> [YOUR OBJECTIVE]
Write out, exactly and in full, the records given below, but not their pictures.

Saved data entries:
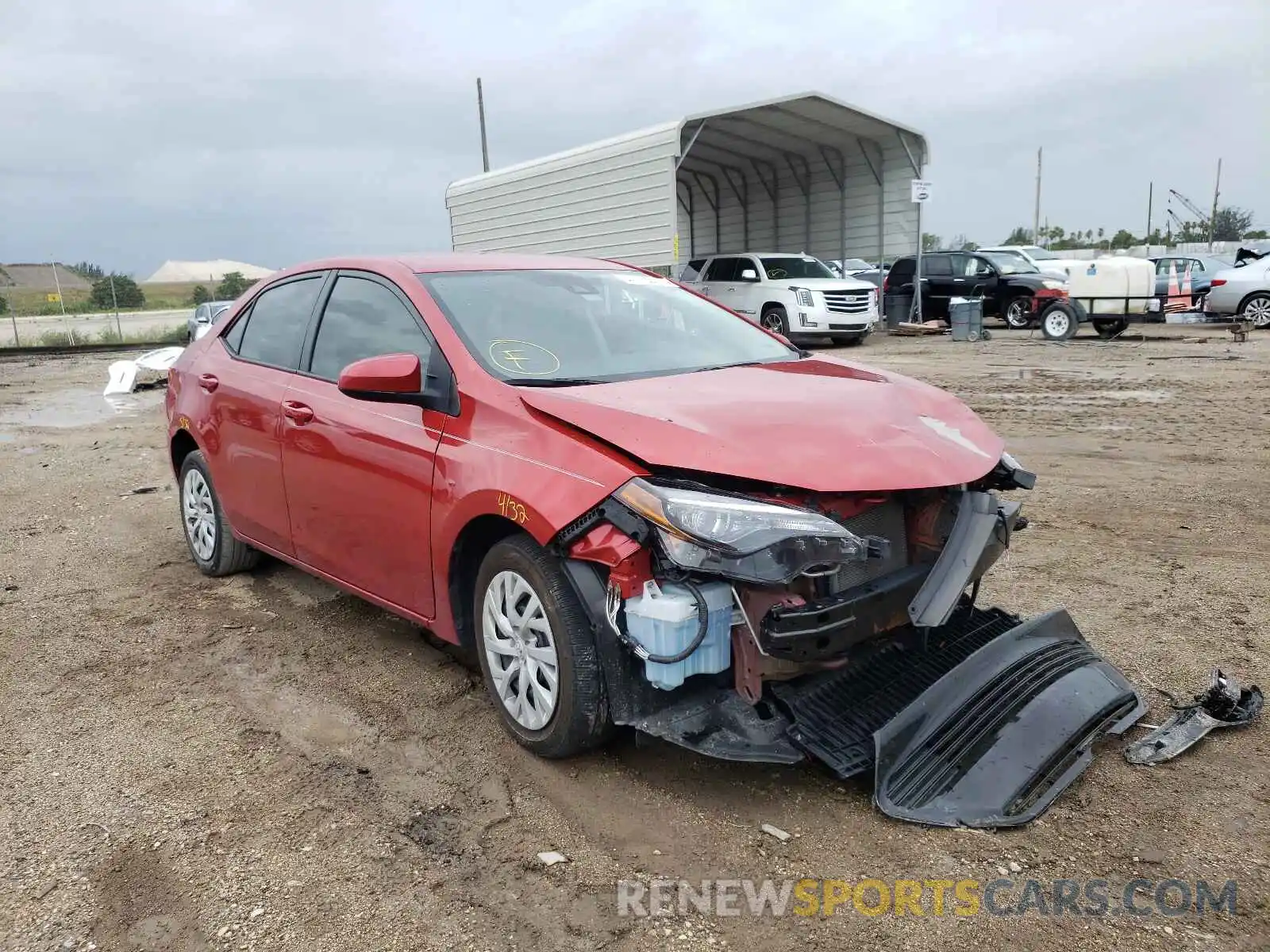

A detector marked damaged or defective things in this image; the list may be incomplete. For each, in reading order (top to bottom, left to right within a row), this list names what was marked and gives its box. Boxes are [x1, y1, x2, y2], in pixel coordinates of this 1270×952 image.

crumpled hood [521, 357, 1010, 492]
broken headlight [616, 479, 883, 584]
damaged front end [549, 457, 1143, 825]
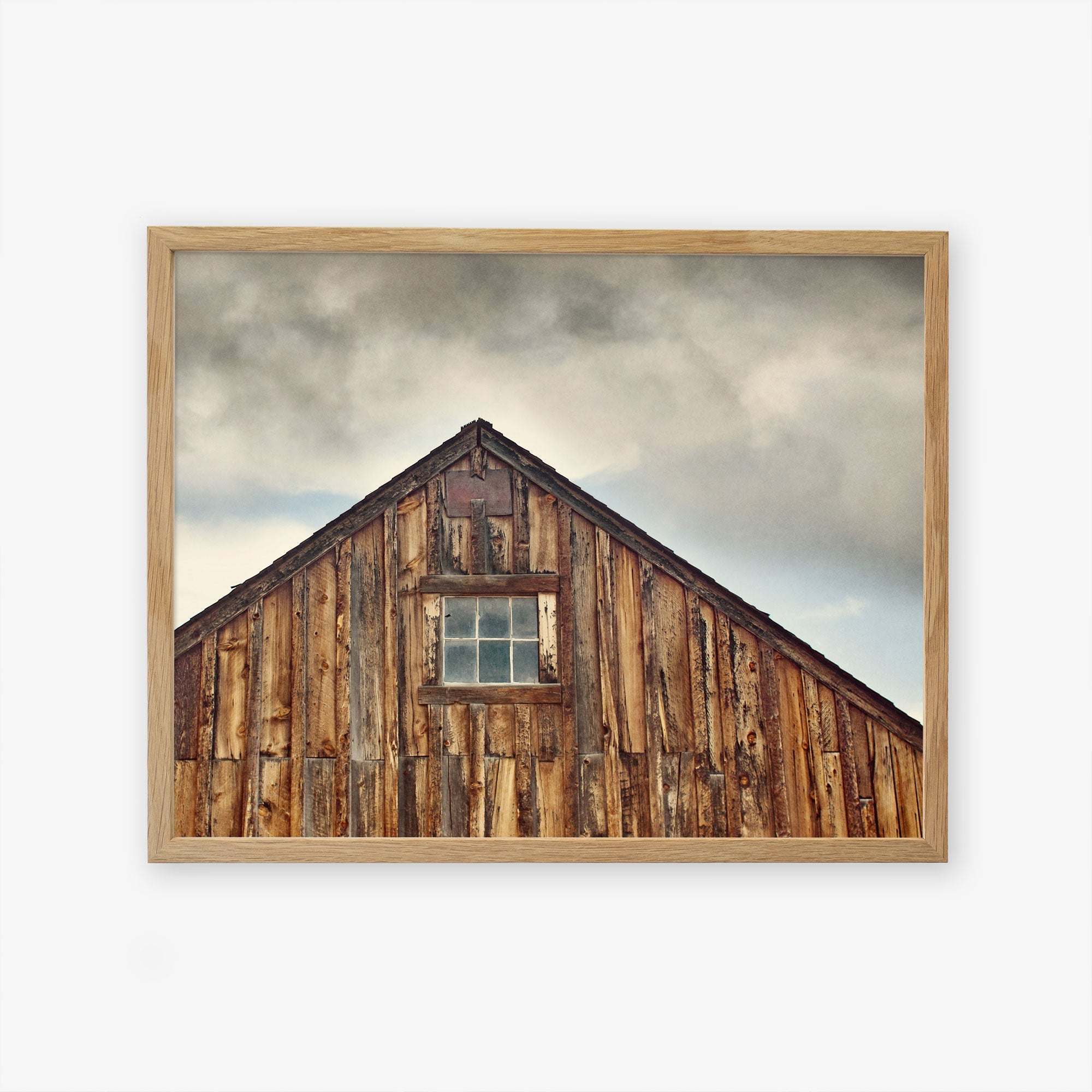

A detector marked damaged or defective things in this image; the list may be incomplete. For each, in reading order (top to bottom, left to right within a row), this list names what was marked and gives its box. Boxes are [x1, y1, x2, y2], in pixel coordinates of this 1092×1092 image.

rusty metal patch [443, 467, 511, 518]
warped siding board [531, 485, 563, 577]
warped siding board [174, 764, 198, 839]
warped siding board [174, 646, 202, 760]
warped siding board [209, 760, 241, 834]
warped siding board [213, 607, 250, 760]
warped siding board [256, 760, 290, 834]
warped siding board [260, 581, 295, 760]
warped siding board [304, 760, 332, 834]
warped siding board [304, 555, 336, 760]
warped siding board [354, 760, 384, 834]
warped siding board [354, 518, 389, 760]
warped siding board [397, 496, 430, 760]
warped siding board [489, 760, 518, 834]
warped siding board [572, 509, 607, 751]
warped siding board [612, 542, 642, 756]
warped siding board [646, 568, 690, 756]
warped siding board [778, 655, 821, 834]
warped siding board [869, 721, 895, 839]
warped siding board [887, 738, 922, 839]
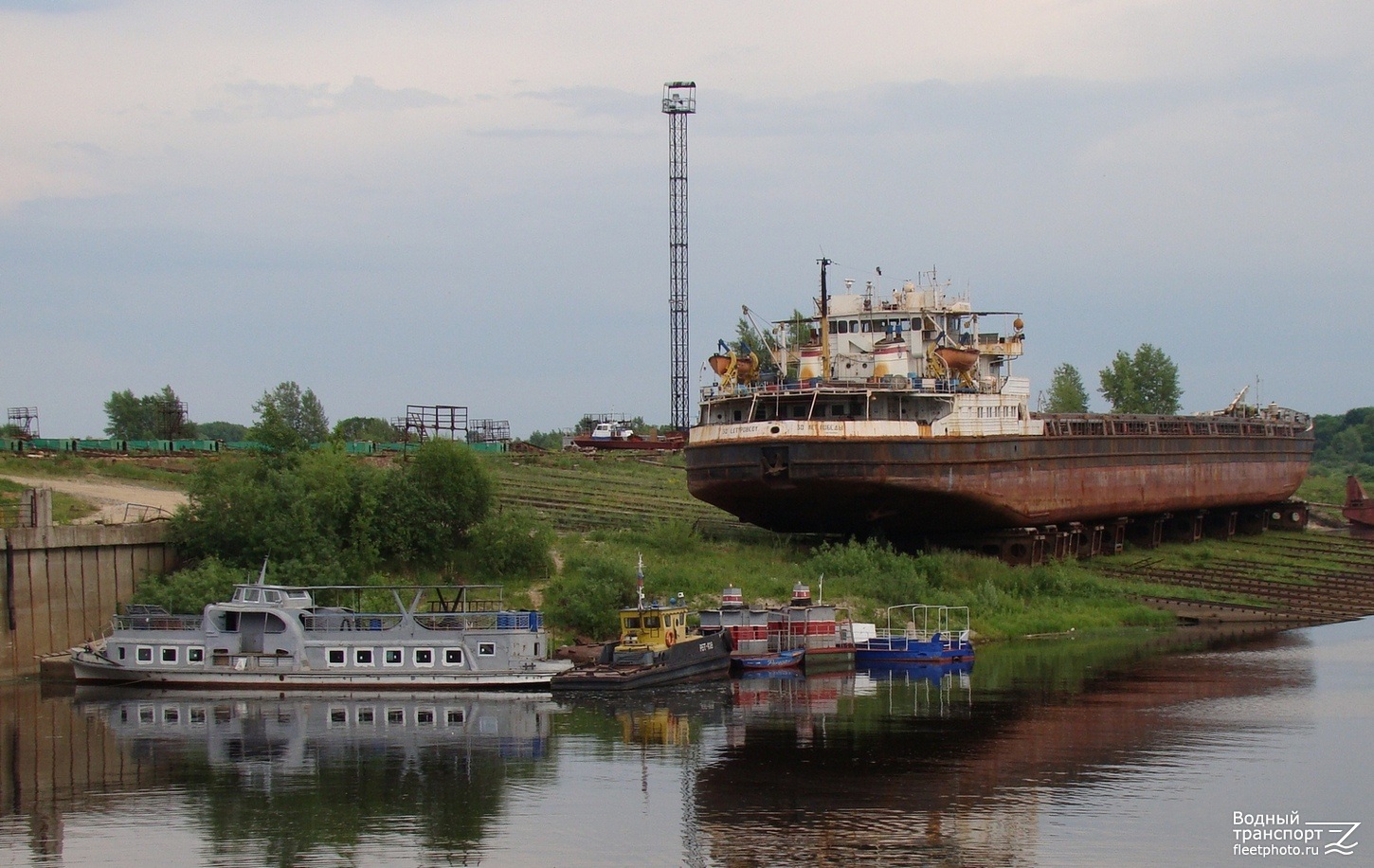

> [SOLUTION TO THIS PROBLEM]
A detector marked damaged or defective things in this image; the list may be incomplete. For each, in reading order (top to bottom, left to right within a row), this list names what was marked and gives its box. Boxes are [x1, y1, x2, y2], in pixel coordinates of this 1270×952 image.

crumpled hood [521, 357, 1010, 492]
broken headlight [616, 479, 883, 584]
damaged front end [549, 457, 1143, 825]

A detector marked damaged or defective things in this image; the list may be incomplete. For each, in reading order (top to bottom, left to right within a row), this list names what was marked and gives its box. Boxes are [x1, y1, x2, y2], in pixel coordinates of this 1092×1092 image.

rusty metal patch [443, 467, 511, 518]
warped siding board [531, 485, 563, 577]
warped siding board [174, 764, 198, 839]
warped siding board [174, 646, 202, 760]
warped siding board [209, 760, 241, 834]
warped siding board [213, 607, 250, 760]
warped siding board [256, 760, 290, 834]
warped siding board [260, 581, 295, 760]
warped siding board [304, 760, 332, 834]
warped siding board [304, 555, 336, 760]
warped siding board [354, 760, 384, 834]
warped siding board [354, 518, 389, 760]
warped siding board [397, 496, 430, 760]
warped siding board [489, 760, 518, 834]
warped siding board [572, 509, 607, 751]
warped siding board [612, 542, 642, 756]
warped siding board [646, 568, 690, 756]
warped siding board [778, 655, 821, 834]
warped siding board [869, 721, 895, 839]
warped siding board [887, 738, 922, 839]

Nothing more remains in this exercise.